Versifying

 

Let’s see about writing a poem. What first? An idea, something to write about. I’ll check my list of possible titles/themes/ideas. OK, here’s one that looks likely, ‘specially since this posting is about making a poem.

Huge ball of poetry.

There’s my title; by implication it’s also my subject. So far, so good. What next? Something about a huge ball of poetry. Well, yes, but what? What is a huge ball of poetry? The answer probably lies inside. Inside the writing, I mean. Usually a piece of writing gradually says what it’s about as the words appear on the page, stretching out in a long string. I’m intrigued to see where the words are going and what will lie at the end of the string. That looks like a good image for a huge ball of poetry; a coiled up string, rolled around this way and that, over and over, strands crisscrossing, words touching each other which weren’t together in the sequence of the writing but are now tangled and twined so that coming on one, we’re falling over another which wasn’t originally tied to it at all. A bit like that last sentence which managed to go on for almost four lines, one thought leading to the next, then snaking back, a serpent trying to swallow its tail (or should that be tale?)

Have I got enough to make a poem?

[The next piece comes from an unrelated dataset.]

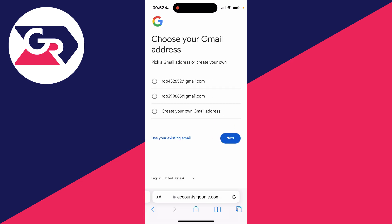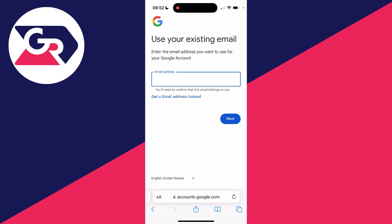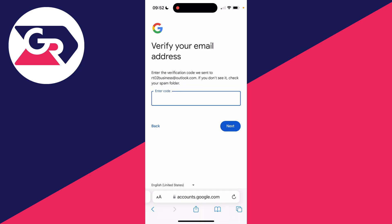Now we can choose our Gmail address. Alternatively, if you just want to create a Google account with an existing email, click on use your existing email. In this case I'm going to do that, so I'll click on use your existing email and type mine in.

Well, I’ll start and see where we go.

 

… and this word

will be followed by that one and

then the next after it will be the one that’s meant

to follow it in some sort of agreement to keep sense and not

muck up the meaning of what the words together are supposed to be saying

so long as they’re in an order that is familiar but of course it doesn’t matter too much

since poetry can break the rules of grammar and even syntax in order to create a sense of

a feeling or the flight of the air through the winding paths of the forest or over the jumping

 waves of the sea or maybe around the flittering tails of a herd of wild horses galloping across

the steppe which stretches all the way from the coldness of the Arctic shore to the warm

lapping edge of  the great Caspian Sea where lived the ancestors of people

who some day would travel to that sunny sanctuary lying in the vast

southern ocean which somehow balances the continental

 land masses sitting on the top of the world instead of

being spread more evenly across

 the hemispheres…

Is this a poem? Let’s review what we’ve got. A huge ball of words all caught up together. Yet not too hard to follow those words along the line one after another. You may not be able to see at the beginning where those words are going be at the end, but that’s what good writing does, keeps you in suspense, at the same time gradually revealing more and more of what the writer wants to say — or at least what the writer finds himself saying (not quite the same thing when you think about it).

What else is there? Check for the usual criteria. It’s one continuous run-on line; it doesn’t have end rhyme; it’s without regular metre — though there are internal rhymes and a feeling of rhythm is present. Some may dismiss any claim that it’s verse. Others will insist this piece of writing — this huge ball of words — is emphatically a poem.

Enough! Let it be a poem or let it be just a jumble of words. For me, however, the words go somewhere, say something, and from the beginning of writing,  the beginning of poetry, its entire history, that’s been enough.